Flickr/ photographer padawan *(xava du)

Jack Bouboushian
Courthouse News

A federal judge refused to issue a restraining order for a man who says Boston police routinely persecute citizens who photograph cops in public, allegedly in violation of wiretap law, but the lawsuit can proceed in its entirety.

Max Strahan claimed to have been taking pictures of a crane truck and construction crew near Boston Commons in August 2008 when out-of-uniform Boston Police Department officer Kenisha Stewart ordered him to stop.

Strahan said he may have inadvertently snapped a picture of Stewart, and she ordered him to delete images of her from his digital camera because it is a violation of the wiretap law to photograph police officers without their consent.

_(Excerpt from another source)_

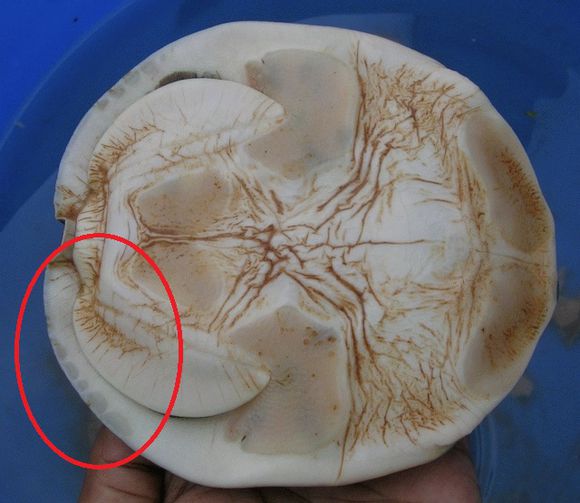 龟鳖目动物大全及图片,所有龟鳖类动物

But Strahan said he would not comply until Stewart could prove she was actually a police officer by showing a badge or gun. Since Stewart allegedly ignored Strahan’s questions, he said threatened to file a complaint with Internal Affairs, took more pictures of her to prove she was not in uniform and fled to a nearby pizzeria.

“Stewart screamed at him that she was going to get those pictures,” according to the court’s summary of his complaint.

Stewart caught up with the photographer while he was eating two slices of pizza, so he fled again and was eventually apprehended after another BPD employee allegedly “rammed him with his bicycle.”

As more police arrived on the scene, Strahan said the group threatened him with beatings and arrest unless he destroyed the photographs of Stewart.